Sunday, May 28, 2023

Pentecost 2023


"Birdsong. Inspirited."

I wrote this on a page in my notebook this morning, as I drank my coffee outside at the patio table.

Today was another perfect May day--clear skies, warm but not hot. And oh, so quiet at 8am. Yet in the silence, birds, one chip-chip-chipping from the tree near my chair, others whistling more melodic tunes down the block. Like a fourth dimension of being. The sun was still low in the sky, lighting up the undersides of leaves and branches and shining warmly into my face. 

"Inspirited," I wrote on the page, and then, not sure if this was really a word, I looked it up in the dictionary app on my phone. 

        Inspirit: to infuse with spirit. Syn. spirit up.

Spirit up. It's the day for it--Pentecost. Or should that be Spirit down? As in descending onto the disciples' heads in tongues of fire?

I went to church, sang the hymns -- including two big 16th-century Lutheran chorales, "Creator Spirit, Heavenly Dove" and "Come, Holy Ghost, God and Lord" that I'm always surprised to discover are two different hymns. Perhaps we should just sing the ancient "Veni, Creator Spiritus" and be done with it. 

Honestly, I didn't need tongues of fire, the rushing wind, Peter's sermon from Acts, or even Jesus in the upper room. But the great blue heron I saw fly overhead while stopped at a stoplight as I drove to church?

Spirit up!

Tuesday, May 23, 2023

"I always think ... "

It's been two months since I've published a post here at the Perverse Lutheran. A long time. I've had thoughts and ideas, but they've evaporated quickly, helped along by the glare of self-criticism. 

So I'm trying "Random on a Tuesday" this morning and making a commitment (well, about 85 percent) to hitting publish, no matter what. (Please, dear reader, accept my apologies.)

1. It's almost 10 a.m. I've been awake since 6. I had my morning coffee but it did not prevent me from dozing off while reading, around 8:30 a.m. Such a pleasant feeling, floating from sleep to wakeful and back again, on a morning in May, in a patio chair under a hazy blue sky, birds chipping and chirping in the bushes, cradled by green, lilac-y fragrance.

2. This is the problem with blogging lately. Item #1 was the one single thought I had as I started this post, and it was worth only two sentences. 

3. I've been very busy directing a junior high musical production of "The Music Man Jr." It's my third time directing this in one version or another. One of my favorite moments comes near the end of the show, when Harold Hill, confronted by a boy who needed to believe in him, must tell the truth and confess to being a liar and a crook. But he tells the kid he's a great kid and that's why he wanted him in the band. 

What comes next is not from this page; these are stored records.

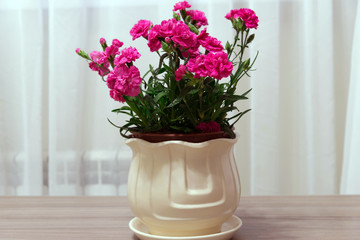 Red carnation in pot in the room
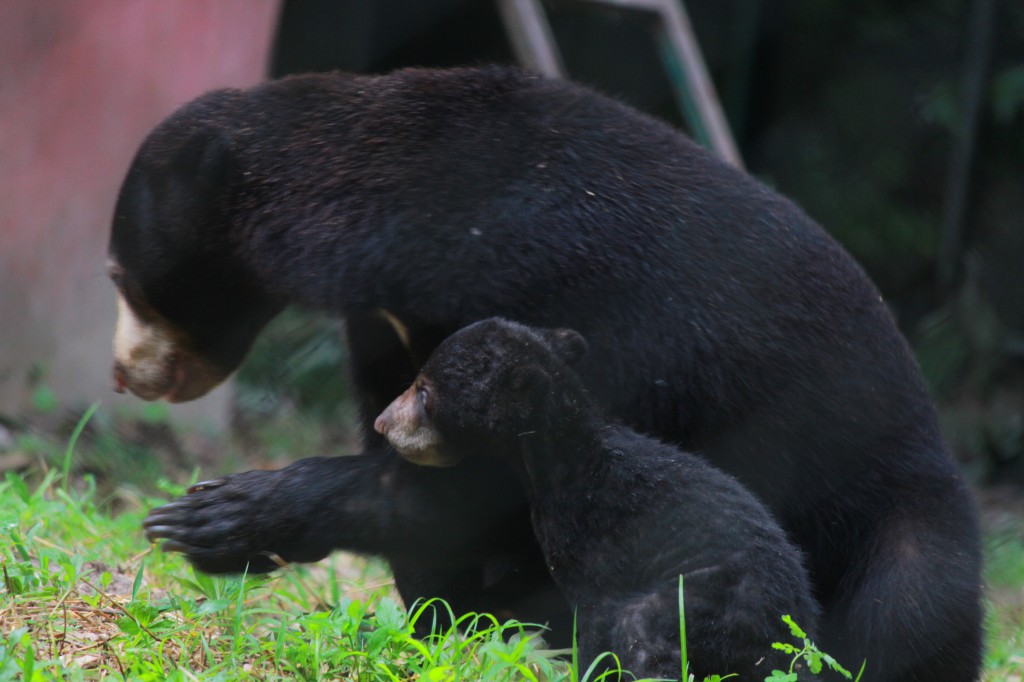 bearcub and mother 3 Mother and child go for a walk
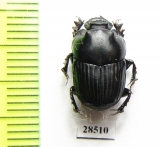 Liatongus gagatinus  Vietnam - INSECTS-STORE.RU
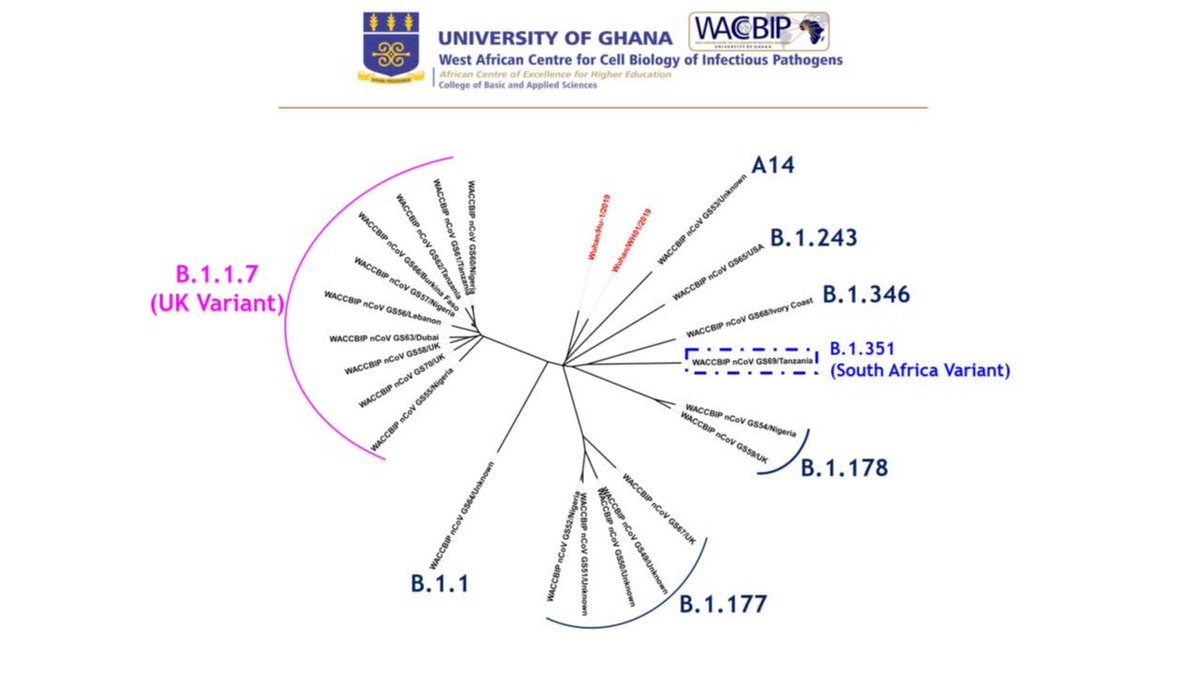 Gordon Awandare (@gordon_awandare) on Twitter photo Folks, like the president said, we have detected the UK and SA variants in several travelers arriving in Ghana recently. That data are ominous for the continent because most of the individuals came from African countries. <a href="/WACCBIP_UG/">WACCBIP</a> <a href="/UnivofGh/">University of Ghana</a> <a href="/NMIMR_UG/">Noguchi Memorial Institute for Medical Research</a> <a href="/nanopore/">Oxford Nanopore</a> <a href="/NetworkArtic/">ARTIC Network</a> Folks, like the president said, we have detected the UK and SA variants in several travelers arriving in Ghana recently. That data are ominous for the continent because most of the individuals came from African countries. <a href="/WACCBIP_UG/">WACCBIP</a> <a href="/UnivofGh/">University of Ghana</a> <a href="/NMIMR_UG/">Noguchi Memorial Institute for Medical Research</a> <a href="/nanopore/">Oxford Nanopore</a> <a href="/NetworkArtic/">ARTIC Network</a>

"What band?" says Winthrop. 

Liar? Crook? Hill reveals something more about himself: "I always think there's a band, kid." 

He can't quite make it come to pass, but still he has a dream. Every time, he believes. 

4. "I always think there's a play, kid." That's where I find myself. Conjuring kids' school plays into existence, I feel seven years old again, or ten, with a grand vision of something I'm trying to turn into reality, usually against all practicality. A child’s dream. Will they believe with me? Rehearsals look like I'm in command. I'm organized. I plan. I have a spreadsheet. I tell my cast to count off by seven and move them around in groups following the circles and arrows in my notes. And I wonder if anyone can see what I see. And why would they?  

5. In plays we play together. We agree to do this and we hope to bring the audience along. Read a novel and you enter a world constructed in one author's head, its own reality. I just finished reading a novel called "Users" whose main character is a designer of virtual reality experiences that evolve and call on users to contribute content which is then shared in other users' experiences. (Think Twitter or Facebook as VR.) The protagonist is selfish. He doesn't just interact with people. He plans how to get what he needs from his wife and daughters and co-worker. His relationships are superficial and a mess. Near the end comes a reminder that we can't ever really know what it's like to be someone else. His teenage daughter's reaction: well, duh. 

6. But I’m always interested in what it’s like to be someone else, or to be inside their experience. Or interested in what they say about it. If I breathe just the right way, can I duplicate their experience in my body and brain?

7. Which reminds me to write something more about being present on this fine May day. Morning has turned to early afternoon and now to late afternoon. There's an electrician running a grounding line in the basement for the solar panels on the roof. Electricity went out in the bathroom for a while. And I just picked up three more novels from the library. 

8. What I was reading when I dozed off earlier this morning was a new translation of the writings of Julian of Norwich. Time to pick it up again.